Short descriptive text snippets
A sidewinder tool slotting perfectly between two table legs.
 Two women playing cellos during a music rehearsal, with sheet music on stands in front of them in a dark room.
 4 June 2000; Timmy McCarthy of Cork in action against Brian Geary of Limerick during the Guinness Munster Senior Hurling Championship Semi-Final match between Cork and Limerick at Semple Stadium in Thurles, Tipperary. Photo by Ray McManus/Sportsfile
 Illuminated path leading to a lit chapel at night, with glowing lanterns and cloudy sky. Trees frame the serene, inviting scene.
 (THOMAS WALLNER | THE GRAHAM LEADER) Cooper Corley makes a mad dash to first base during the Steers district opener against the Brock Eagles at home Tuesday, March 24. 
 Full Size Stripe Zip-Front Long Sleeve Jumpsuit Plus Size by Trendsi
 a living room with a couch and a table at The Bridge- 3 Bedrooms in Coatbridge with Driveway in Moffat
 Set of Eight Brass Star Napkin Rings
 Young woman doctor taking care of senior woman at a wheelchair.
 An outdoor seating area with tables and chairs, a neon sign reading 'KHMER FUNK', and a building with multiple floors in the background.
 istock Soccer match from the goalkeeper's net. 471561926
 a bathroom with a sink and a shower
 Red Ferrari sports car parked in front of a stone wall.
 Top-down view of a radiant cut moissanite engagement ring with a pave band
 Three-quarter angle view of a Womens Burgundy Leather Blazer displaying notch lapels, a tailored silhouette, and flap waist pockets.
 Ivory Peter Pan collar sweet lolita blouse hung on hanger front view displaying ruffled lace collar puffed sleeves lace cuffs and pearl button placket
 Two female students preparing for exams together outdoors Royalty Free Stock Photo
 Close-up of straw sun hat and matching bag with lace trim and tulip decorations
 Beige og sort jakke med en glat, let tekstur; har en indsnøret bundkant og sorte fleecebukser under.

▶ **To do**:
Taking the lines above, repeat exactly those from the line that contains "Full Size Stripe" through the line that contains "An outdoor seating", and both of those lines as well. Include nothing else.

▶ **Exercise result**:
 Full Size Stripe Zip-Front Long Sleeve Jumpsuit Plus Size by Trendsi
 a living room with a couch and a table at The Bridge- 3 Bedrooms in Coatbridge with Driveway in Moffat
 Set of Eight Brass Star Napkin Rings
 Young woman doctor taking care of senior woman at a wheelchair.
 An outdoor seating area with tables and chairs, a neon sign reading 'KHMER FUNK', and a building with multiple floors in the background.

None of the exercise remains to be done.